• Task description:
Please produce an exact copy of only the lines from the one with "O galerie diversificată" through the last one of the material, without pictures.

• The data:

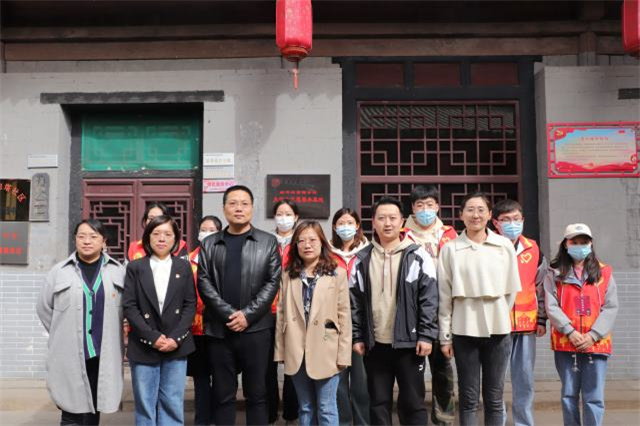 【青春雷锋月】听党课 讲奉献——经济与管理学院赴白塔社区学雷锋
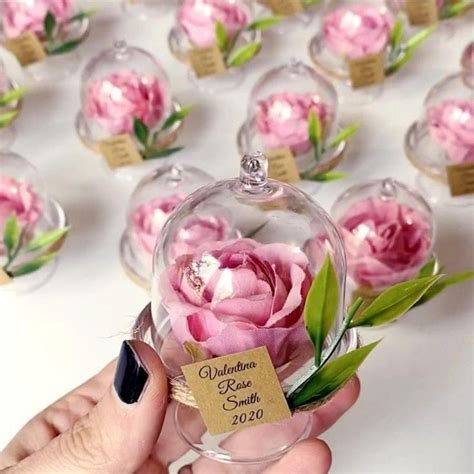 O galerie diversificată de marturii acrilice, incluzând mașinuțe, globuri, cutiuțe și forme decorative unice.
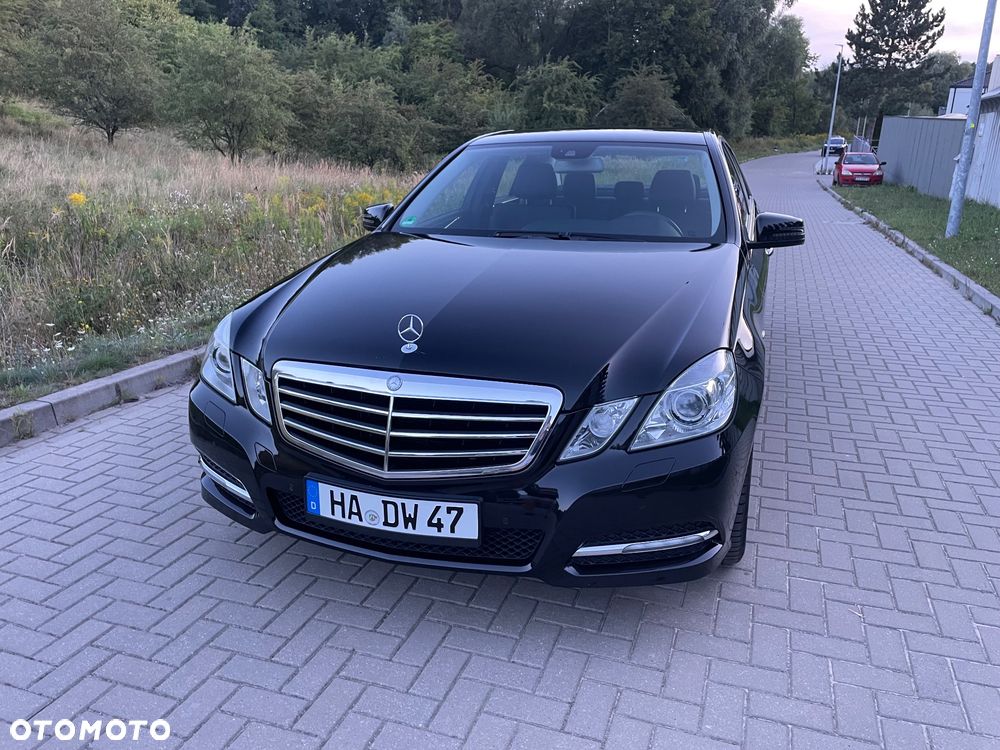 Mercedes-Benz Klasa E 200 CGI BlueEFFICIENCY 7G-TRONIC Avantgarde - 2
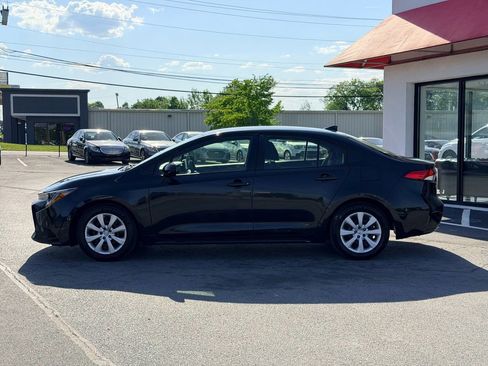 Used 2022 Toyota Corolla LE FWD image 3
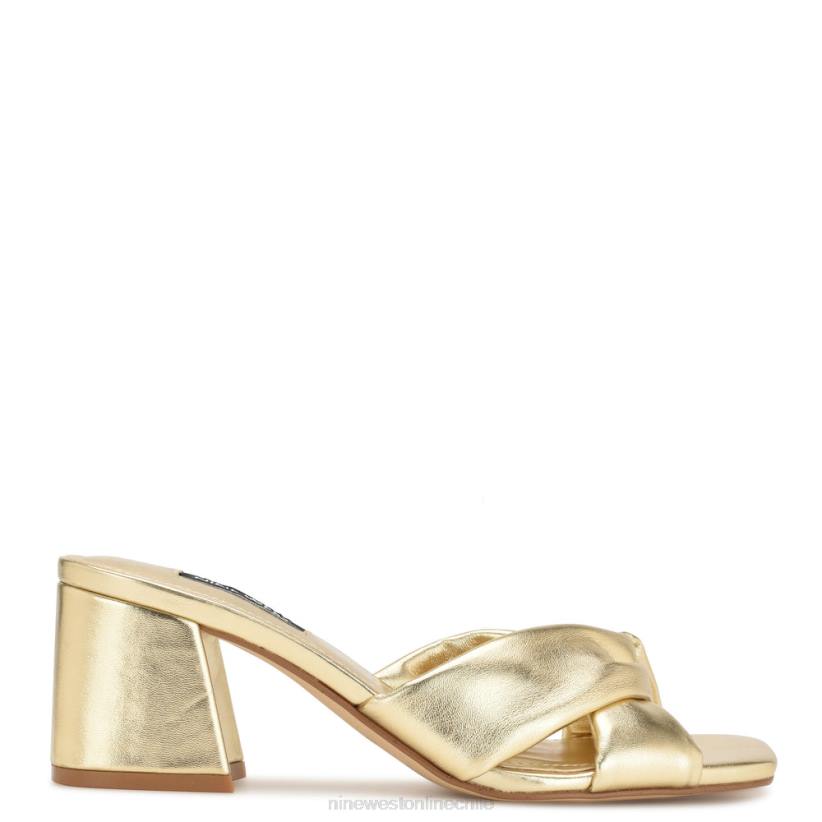 Nine West sandalias con tacón fruncido 2Z2T328 platino Nine West cartera negra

• Expected answer:
 O galerie diversificată de marturii acrilice, incluzând mașinuțe, globuri, cutiuțe și forme decorative unice.
 Mercedes-Benz Klasa E 200 CGI BlueEFFICIENCY 7G-TRONIC Avantgarde - 2
 Used 2022 Toyota Corolla LE FWD image 3
 Nine West sandalias con tacón fruncido 2Z2T328 platino Nine West cartera negra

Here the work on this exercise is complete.